General market tone: Risk-on.

Emerging markets may bounce on Tuesday on bargain hunting as good US and China data allays growth concerns.

EM Space: Risk-on is back on better economic data from the US and China

  • General Asia: Traders may track the gains on Wall Street with manufacturing numbers from the two largest economies surprised on the upside.

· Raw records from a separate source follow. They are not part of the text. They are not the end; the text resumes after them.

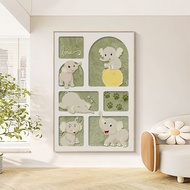 3D Painting of Cat's Nest, Elephant's Nest, Panda's Nest, Mickey's Nest - Square Canvas Painting wit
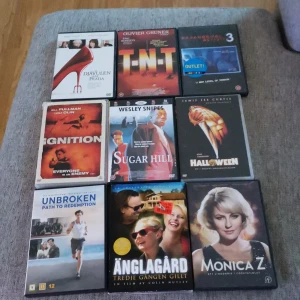 9 st dvd filmer blandad 20 kr st 100 för alla - 9 st dvd filmer blandad 20 kr st eller 100 för alla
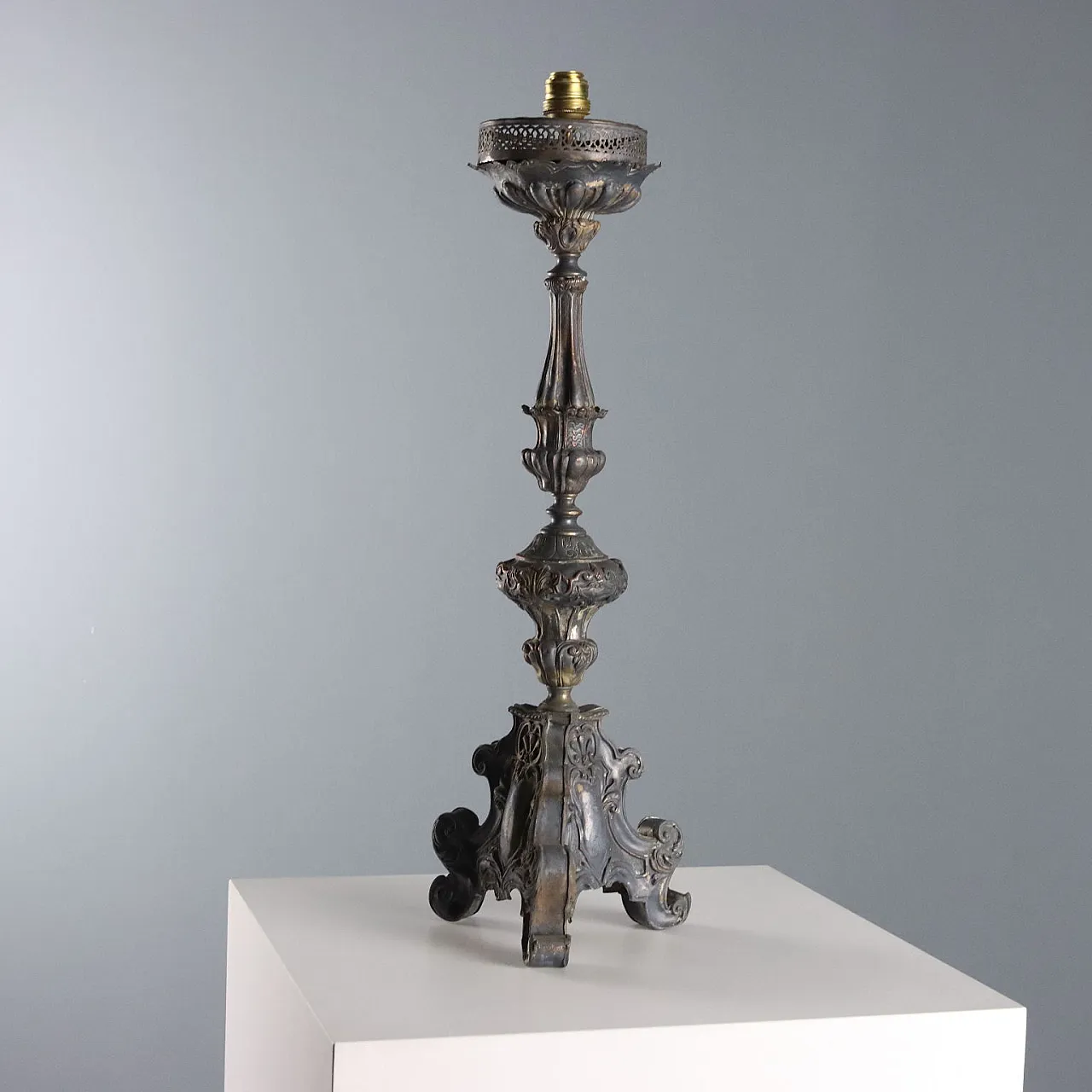 Candeliere in lamiera di rame, primo '800 9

US and China PMI numbers both bested market expectations although US retail sales slumped in reaction to the government shutdown and softer consumer confidence.
  • Thailand: Food and transport prices, both with chunky monthly increases, pushed the CPI inflation to 1.2% YoY in March from 0.7% in the previous month, surpassing the consensus of 0.9%. But the core CPI inflation remained at 0.6%. We don’t see inflation drifting far off the low end of the BoT’s 1-4% policy target this year, which with anaemic growth allows the BoT to leave the policy interest rate at 1.75% current level. Meanwhile, persistently large current account surplus – February’s $6.5bn surplus was the third-largest ever – continues to support the THB appreciation pressure.
  • Malaysia: In some relief to stretched public finances, a Bloomberg report noted that the government managed to save MYR 806m in spending through renegotiation of 121 infrastructure projects undertaken by the previous government. Weak investment demand has been a missing link in growth since last year, which with current CPI deflation supports our call of a BNM policy rate cut at the next meeting in early May.
  • Indonesia: Inflation remains benign at 2.48% in March, drifting below the central bank's 2.5-4.5% target range from 2.57% in February. The main drivers were processed food, clothing and education costs ahead of Presidential elections this month. With inflation likely sticking to the low end of the target the central bank will be focusing on the IDR’s performance in deciding the monetary policy.
  • Philippines: The World Bank lowered its 2019 growth forecast for the Philippines to 6.4% from 6.5% citing the delay in the passage of the new spending bill, as well as weaker agricultural output stemming from the onset of the El Niño weather disturbance. The Bank also trimmed its 2020 outlook to 6.5% (from 6.6%). Growth will likely be supported by strong consumption demand amid slowing inflation, but government spending is seen to be “tempered” in the first half given the budget delay.

What to look out for: Market looks to US data for clues

• RBA meeting (2 April)

• US durable goods (2 April)

• US ADP employment, PMI services (3 April)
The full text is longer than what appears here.